Could you retype only the lines from the one containing "Coorie Hotel Dunfermline Exterior photo" through the final line of the entries, both included, skipping any images?

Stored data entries
──────────────────────────────

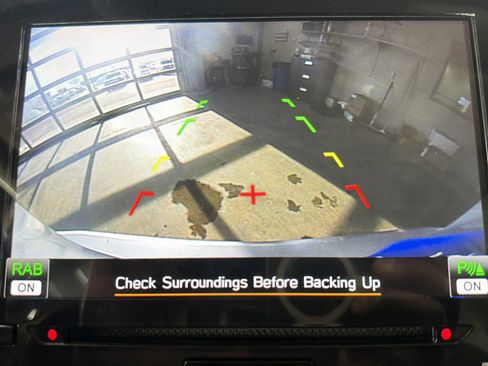 Certified 2023 Subaru Forester Sport image 27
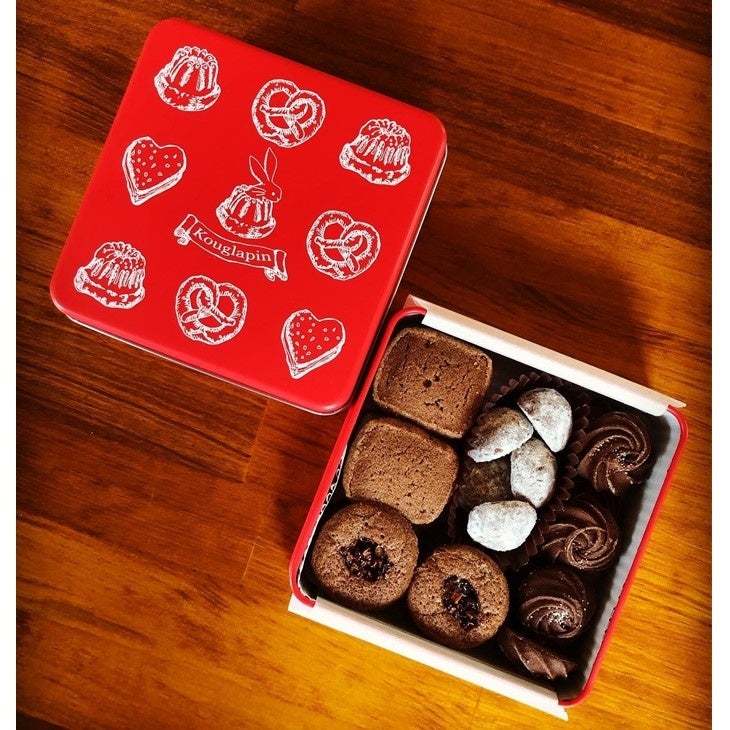 【そごう横浜店】バレンタイン ヨコハマ チョコレート パラダイス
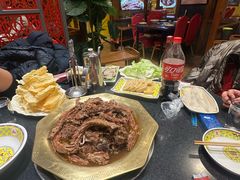 -芦月轩羊蝎子(劲松店)
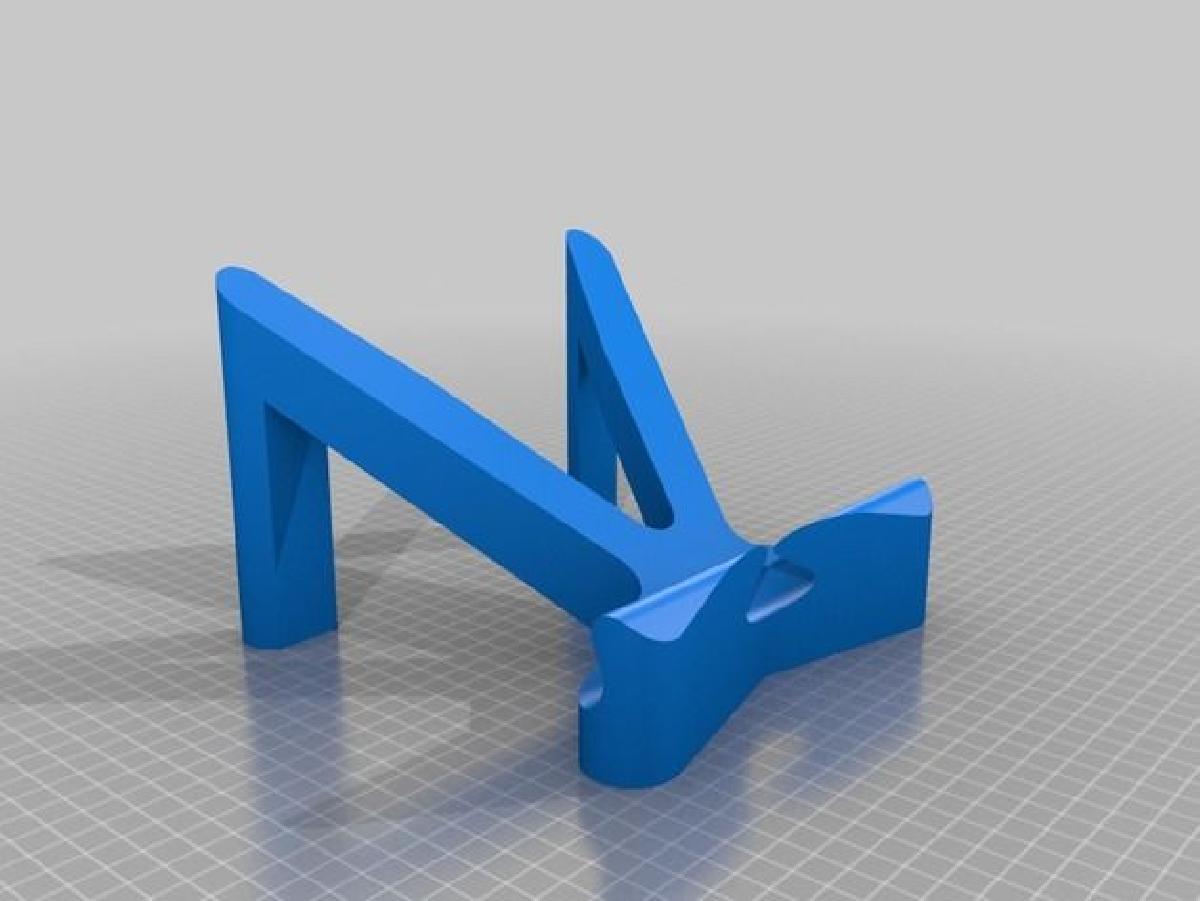 Suporte de laptop One Piece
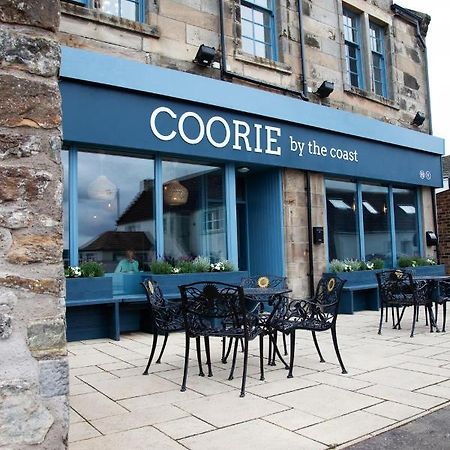 Coorie Hotel Dunfermline Exterior photo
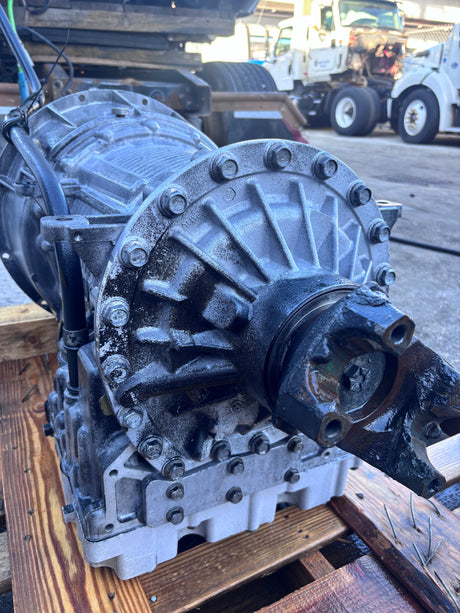 Allison 3000hs automatic transmission 6510908598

──────────────────────────────

■ **Your solution**
 Coorie Hotel Dunfermline Exterior photo
 Allison 3000hs automatic transmission 6510908598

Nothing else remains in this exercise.